例えば岡本克己師匠の立ち上げた空剣空手道では、最も基本的なただの中段突きの前にさえ、必ず先に相手の突きを払う動作が入る。
これは通常の空手にはない所作だ。
この所作がなぜ必要なのかは、師匠と組手を実際にやってみるようになって初めて分かる。

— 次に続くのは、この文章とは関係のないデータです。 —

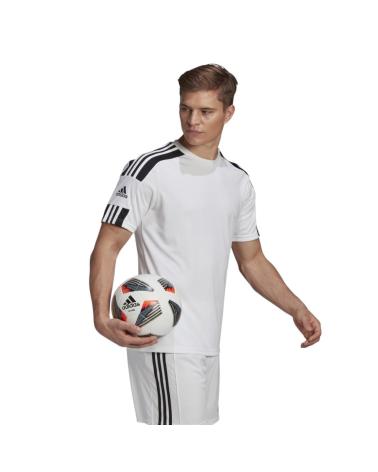 CAMISETA DE FÚTBOL ADIDAS SQUADRA 21 GN5723 BLANCA CON DETALLES NEGROS BLANCO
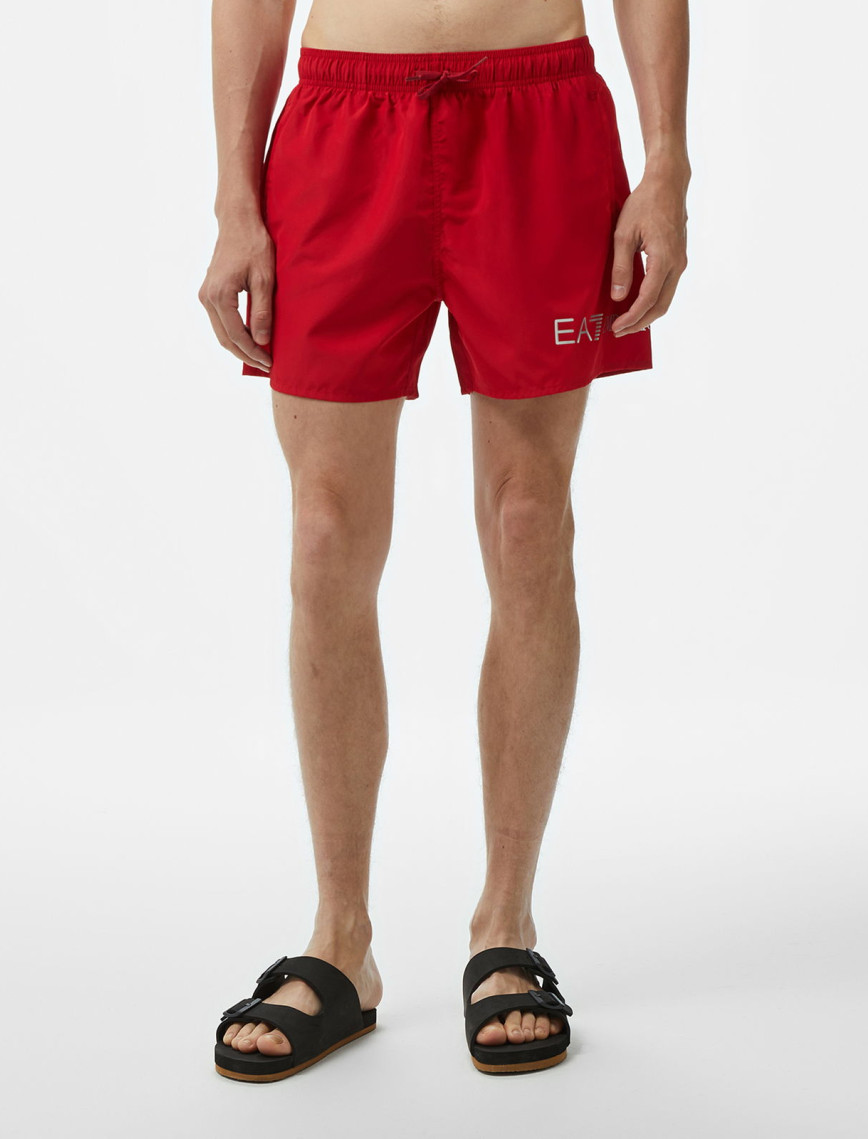 Ea7 Erkek Kırmızı Deniz Şortu Ea7 Erkek Kırmızı Deniz Şortu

まず目の前に攻撃意思を持って対峙する人物が、自分に攻撃を仕掛けてくるとしたら、それを防ぐ最も合理的な手段は何だろうかと考えてみる。
つまり相手の拳、あるいは武器が自分に届くより早く、相手の急所にこちらの攻撃が入ればいい。

剣道の足捌きが最速だと師匠は言う。
中でも正眼の構えからの突きの剣が最短最速であると。(空剣道の足捌きと構えは剣道をベースにしている)
人間の急所は身体の正面、正中線に集中している。
従って剣を正眼に構えて、相手の起こり(出だし)を読み切り、カウンターを正中線に入れれば勝てる。
これを後の先という。

相手が素人ならそれで大体勝負が付く。
しかし相手に心得があれば、同じことを考えるかもしれない。
こちらの先制に対してカウンターを合わせられる可能性がある。
だからカウンターが来るものと想定して、それを捌く所作が最初から型に組み込まれている。
後の先の先を取るという攻防が最初から織り込み済みなのだ。
三手を圧縮して最適化された動作が一手に込められているから、実践組手の中で展開して理屈を紐解かないと理解が腑に落ちない。

型には体験により蓄積された智慧が、圧縮された時間軸とともに折り畳まれている。
様式美の価値とはそういうものなのかもしれない。
形態は機能に従うから、結局は機能美でもある。

身に付くということは奥深い。
考えていては間に合わない。
だからある程度自動化するプロセスが型に組み込まれている。
それらを用いて自在に使いこなせて初めて身に付いたと言える。
そういえばピアノも、左手が考えず自動的に動くようになってようやく即興演奏が楽しめるようになった。

練習するとはそういう事なのだろう。
突き詰めれば練習の目的は二つしかない。
まず意識しないと出来ないことを、意識して出来るようになること。
次に意識すれば出来ることを、意識しないで出来るようになること。

我々が意識と身体を自在に扱うためには、動作が自動化されることによって生じる空(くう)のスペースが必要だ。
それはPCのメモリみたいなもので、あらゆるパフォーマンスに直結する作業台の広さだ。

空は思考から自由になり、直感的にソースに繋がることで得られる意識のバランスの上に成り立っている。
所謂ゾーンやフローと呼ばれる意識状態は閾値を越えた空だろう。

思考によって全体から切り離されていたエゴ(存在の焦点)が、直感によってソースとの全体性を回復し、身に付けた技術を通して、空のエリアで作業するとき、生まれる圧倒的なパフォーマンスが人間の本来持っている潜在力だ。
その時我々は自我を超えたトータリティーを持って、瞬間瞬間を生きることが出来るようになる。

何かを身に付けることの意義はここにあるのかもしれない。
そして我々は身に付けた技術を通して、自身の中心にある空と、全体意識の真ん中とを繋ぐのだ。